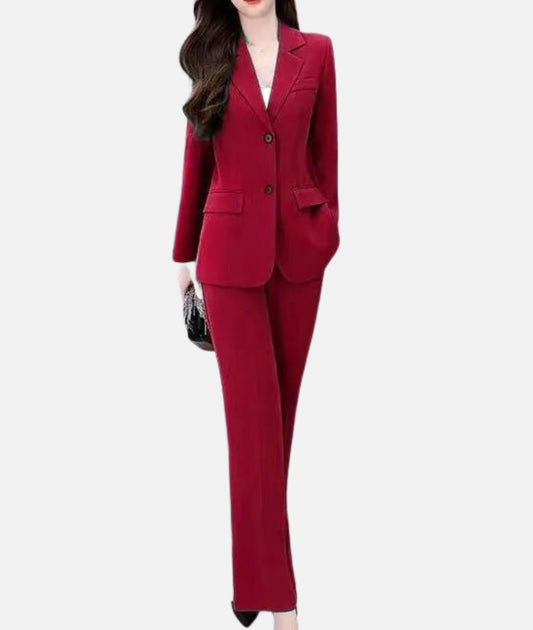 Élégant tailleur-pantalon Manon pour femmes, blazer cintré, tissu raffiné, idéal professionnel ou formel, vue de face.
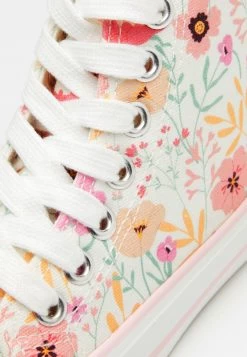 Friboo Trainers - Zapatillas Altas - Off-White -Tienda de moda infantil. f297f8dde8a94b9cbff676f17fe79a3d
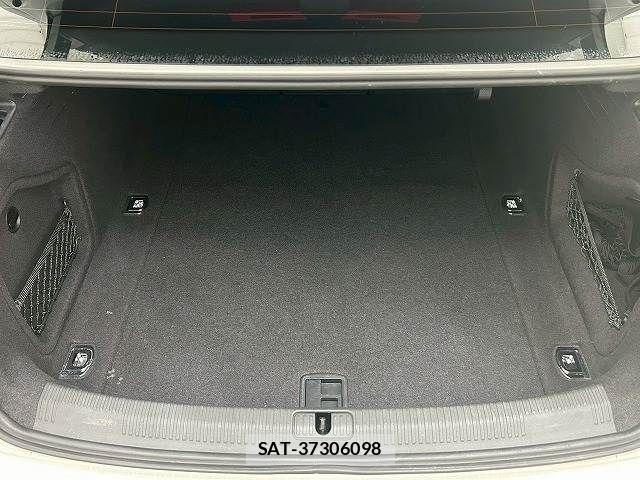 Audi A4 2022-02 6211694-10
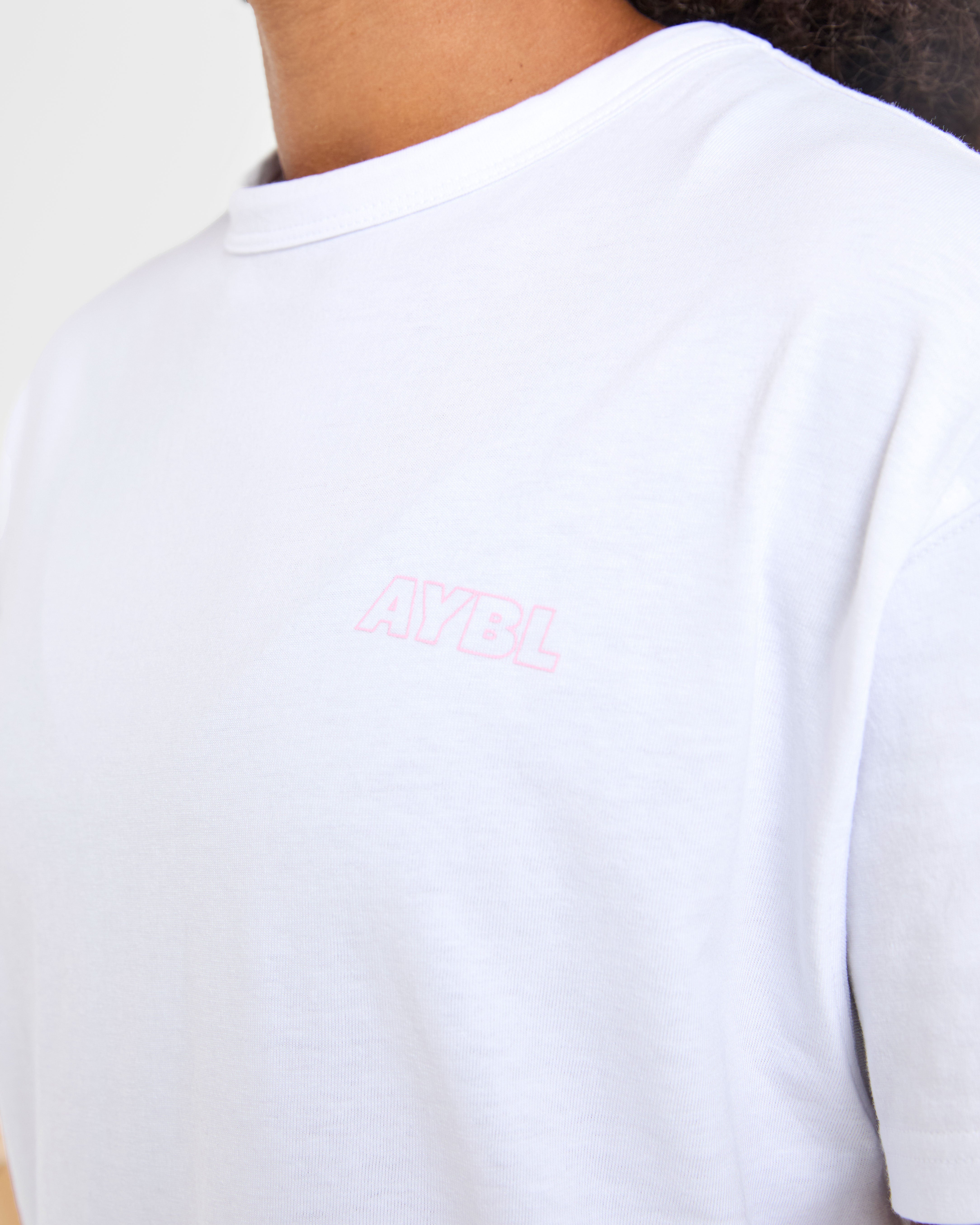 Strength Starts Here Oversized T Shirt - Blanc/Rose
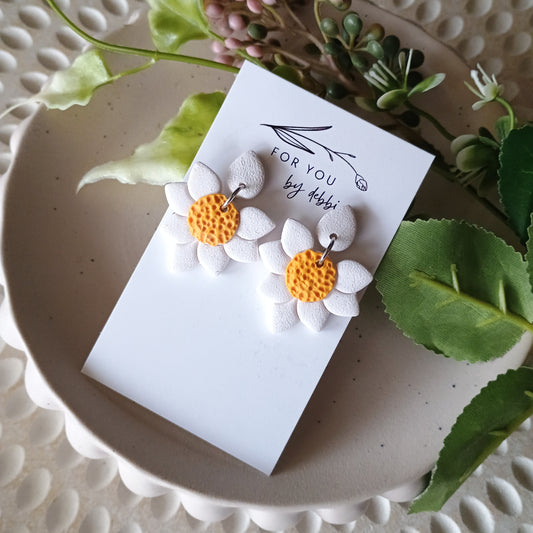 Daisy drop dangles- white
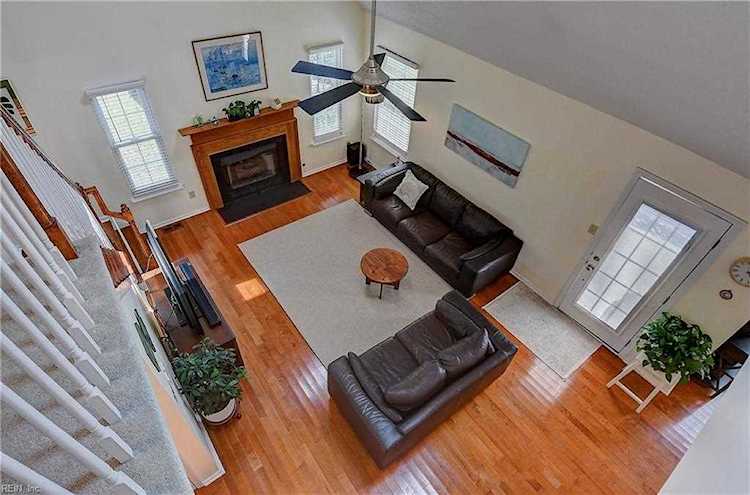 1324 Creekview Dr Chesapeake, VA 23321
________________
What to do: Return all of the lines above without alteration, minus the pictures.

Exercise answer:
 Élégant tailleur-pantalon Manon pour femmes, blazer cintré, tissu raffiné, idéal professionnel ou formel, vue de face.
 Friboo Trainers - Zapatillas Altas - Off-White -Tienda de moda infantil. f297f8dde8a94b9cbff676f17fe79a3d
 Audi A4 2022-02 6211694-10
 Strength Starts Here Oversized T Shirt - Blanc/Rose
 Daisy drop dangles- white
 1324 Creekview Dr Chesapeake, VA 23321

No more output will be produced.